Excerpt
Executive search succeeds when it matches the contribution a role truly requires with the contribution a leader can reliably make. This paper operationalizes that match by applying “Bands of Contribution”—a practical synthesis of Levels of Work and the DOES model—to position definition, candidate targeting, and the disciplined sequence of assessment, evaluation, and appreciation.
Abstract
This concept paper proposes a contribution-centered method for executive search. It defines “Bands of Contribution” as discrete patterns of value creation mapped to increasing complexity and time span (Levels of Work) and articulated through the cyclical disciplines of Design, Organize, Execute, and Sustain (DOES). It then applies these bands to three pivotal search phases: first, position definition grounded in decision complexity, time horizon, and guardrails of success; second, candidate targeting guided by indicators of current and potential capability; and third, a rigorous differentiation of assessment, evaluation, and appreciation as distinct leadership disciplines that together create clarity, accountability, and trust. The approach links organizational mandate to leadership judgment, reduces mismatch risk, and produces durable placements by aligning how value is created with what the institution genuinely needs.
Introduction
Executive search is often framed as finding a person for a job. In complex systems, it is better understood as aligning a pattern of contribution with a pattern of demand across time. Contribution is not merely a list of tasks; it is the quality of judgment, design, integration, execution, and renewal a leader brings to a role’s context. Demand is not merely a requisition; it is the mix of complexity, horizon, and boundaries that a system needs a leader to hold.

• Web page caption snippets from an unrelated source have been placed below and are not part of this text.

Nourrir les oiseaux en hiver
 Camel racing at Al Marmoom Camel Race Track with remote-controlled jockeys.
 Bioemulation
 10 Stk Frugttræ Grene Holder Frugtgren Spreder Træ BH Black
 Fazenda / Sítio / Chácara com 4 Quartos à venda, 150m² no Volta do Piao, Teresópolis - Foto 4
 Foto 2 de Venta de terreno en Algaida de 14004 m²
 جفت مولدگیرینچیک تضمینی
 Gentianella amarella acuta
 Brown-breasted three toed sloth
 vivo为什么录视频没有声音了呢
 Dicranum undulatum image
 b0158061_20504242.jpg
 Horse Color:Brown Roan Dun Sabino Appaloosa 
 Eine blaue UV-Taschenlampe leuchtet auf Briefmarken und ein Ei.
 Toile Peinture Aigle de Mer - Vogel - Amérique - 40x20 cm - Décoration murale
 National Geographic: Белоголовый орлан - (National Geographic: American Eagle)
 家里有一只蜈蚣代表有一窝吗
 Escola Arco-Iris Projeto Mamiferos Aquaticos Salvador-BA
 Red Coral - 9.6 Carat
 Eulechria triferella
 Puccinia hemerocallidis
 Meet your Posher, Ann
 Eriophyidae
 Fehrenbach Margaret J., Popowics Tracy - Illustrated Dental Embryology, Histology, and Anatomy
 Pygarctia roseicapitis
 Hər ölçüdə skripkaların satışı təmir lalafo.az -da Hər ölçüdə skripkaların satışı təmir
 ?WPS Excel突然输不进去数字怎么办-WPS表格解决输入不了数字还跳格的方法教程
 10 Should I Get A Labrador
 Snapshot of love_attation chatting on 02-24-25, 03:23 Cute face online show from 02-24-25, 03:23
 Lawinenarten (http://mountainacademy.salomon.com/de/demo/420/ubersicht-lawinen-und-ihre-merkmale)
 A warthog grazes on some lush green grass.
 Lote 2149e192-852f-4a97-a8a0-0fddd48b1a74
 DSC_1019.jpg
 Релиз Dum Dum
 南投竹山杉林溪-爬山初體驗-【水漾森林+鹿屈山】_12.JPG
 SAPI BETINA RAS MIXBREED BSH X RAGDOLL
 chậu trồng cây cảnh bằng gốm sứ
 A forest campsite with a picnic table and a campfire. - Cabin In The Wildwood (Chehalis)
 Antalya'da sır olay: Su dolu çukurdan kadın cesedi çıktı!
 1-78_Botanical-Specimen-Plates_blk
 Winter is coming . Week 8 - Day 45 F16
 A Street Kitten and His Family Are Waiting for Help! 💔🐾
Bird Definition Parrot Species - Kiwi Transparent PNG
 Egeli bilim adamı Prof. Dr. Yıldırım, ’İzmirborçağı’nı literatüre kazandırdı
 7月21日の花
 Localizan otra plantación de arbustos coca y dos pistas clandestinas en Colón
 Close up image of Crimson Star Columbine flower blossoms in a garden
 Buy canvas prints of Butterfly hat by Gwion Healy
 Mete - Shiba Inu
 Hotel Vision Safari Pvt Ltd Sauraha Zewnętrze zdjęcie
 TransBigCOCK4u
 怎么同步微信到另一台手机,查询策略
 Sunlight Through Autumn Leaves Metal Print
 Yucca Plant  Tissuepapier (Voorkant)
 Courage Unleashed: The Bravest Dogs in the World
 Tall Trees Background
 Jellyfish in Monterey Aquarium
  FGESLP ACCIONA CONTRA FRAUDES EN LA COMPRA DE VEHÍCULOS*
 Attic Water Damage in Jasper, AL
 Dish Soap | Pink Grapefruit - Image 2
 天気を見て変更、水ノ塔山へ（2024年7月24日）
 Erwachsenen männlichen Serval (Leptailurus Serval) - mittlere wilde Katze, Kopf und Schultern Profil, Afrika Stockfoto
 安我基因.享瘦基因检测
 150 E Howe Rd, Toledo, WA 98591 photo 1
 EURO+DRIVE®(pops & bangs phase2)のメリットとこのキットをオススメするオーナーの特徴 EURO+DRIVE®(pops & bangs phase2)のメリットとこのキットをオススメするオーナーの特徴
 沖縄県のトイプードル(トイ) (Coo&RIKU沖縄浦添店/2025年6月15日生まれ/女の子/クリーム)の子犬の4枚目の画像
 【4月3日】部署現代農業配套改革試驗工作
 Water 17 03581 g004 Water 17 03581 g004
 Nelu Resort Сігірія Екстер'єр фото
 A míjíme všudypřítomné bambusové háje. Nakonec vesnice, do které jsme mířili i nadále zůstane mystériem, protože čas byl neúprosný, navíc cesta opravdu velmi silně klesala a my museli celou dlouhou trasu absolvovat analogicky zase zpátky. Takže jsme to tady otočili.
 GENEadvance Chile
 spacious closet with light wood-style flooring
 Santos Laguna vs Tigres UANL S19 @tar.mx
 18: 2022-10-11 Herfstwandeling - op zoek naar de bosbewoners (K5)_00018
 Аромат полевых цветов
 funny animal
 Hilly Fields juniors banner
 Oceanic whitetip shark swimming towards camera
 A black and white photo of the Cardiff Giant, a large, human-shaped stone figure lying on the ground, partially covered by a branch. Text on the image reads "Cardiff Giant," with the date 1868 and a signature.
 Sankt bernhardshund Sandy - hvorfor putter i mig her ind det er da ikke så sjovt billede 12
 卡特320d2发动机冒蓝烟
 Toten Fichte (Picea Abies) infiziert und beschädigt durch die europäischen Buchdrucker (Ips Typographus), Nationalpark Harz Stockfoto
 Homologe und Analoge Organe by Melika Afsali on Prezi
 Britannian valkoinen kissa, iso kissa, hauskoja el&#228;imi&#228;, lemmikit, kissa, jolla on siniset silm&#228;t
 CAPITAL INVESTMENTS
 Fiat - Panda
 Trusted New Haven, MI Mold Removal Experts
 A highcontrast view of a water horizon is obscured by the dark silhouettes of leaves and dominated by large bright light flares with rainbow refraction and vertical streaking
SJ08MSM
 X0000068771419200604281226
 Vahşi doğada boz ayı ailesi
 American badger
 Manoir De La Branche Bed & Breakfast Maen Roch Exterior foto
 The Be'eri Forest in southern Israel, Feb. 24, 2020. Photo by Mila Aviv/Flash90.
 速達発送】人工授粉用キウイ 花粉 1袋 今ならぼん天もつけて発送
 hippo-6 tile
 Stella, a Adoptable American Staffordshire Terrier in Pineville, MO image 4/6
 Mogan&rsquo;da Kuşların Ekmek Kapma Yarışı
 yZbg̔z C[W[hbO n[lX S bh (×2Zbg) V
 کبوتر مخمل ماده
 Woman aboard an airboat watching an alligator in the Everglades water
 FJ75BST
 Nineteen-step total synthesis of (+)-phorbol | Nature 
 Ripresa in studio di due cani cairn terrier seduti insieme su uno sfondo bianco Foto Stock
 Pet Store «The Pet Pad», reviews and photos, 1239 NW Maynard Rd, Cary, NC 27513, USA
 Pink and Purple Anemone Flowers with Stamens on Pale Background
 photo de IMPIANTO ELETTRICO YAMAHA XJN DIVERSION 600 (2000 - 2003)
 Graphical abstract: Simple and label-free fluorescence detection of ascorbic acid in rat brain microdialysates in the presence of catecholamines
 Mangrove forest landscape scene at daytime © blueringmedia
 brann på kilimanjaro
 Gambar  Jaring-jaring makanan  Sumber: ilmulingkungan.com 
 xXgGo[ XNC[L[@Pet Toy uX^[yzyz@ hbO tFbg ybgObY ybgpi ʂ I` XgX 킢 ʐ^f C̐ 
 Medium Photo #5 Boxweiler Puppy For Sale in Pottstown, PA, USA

To make this alignment explicit, this paper uses Bands of Contribution—a search-ready construct that groups roles by the kind of value they must create and the time span over which they must sustain it. The bands are derived from increasing Levels of Work and expressed through DOES as four interdependent fields of practice that translate vision to structure, structure to action, and action to renewal. When search starts from contribution rather than title, organizations gain a coherent line of sight from mandate to decision, and from decision to hire.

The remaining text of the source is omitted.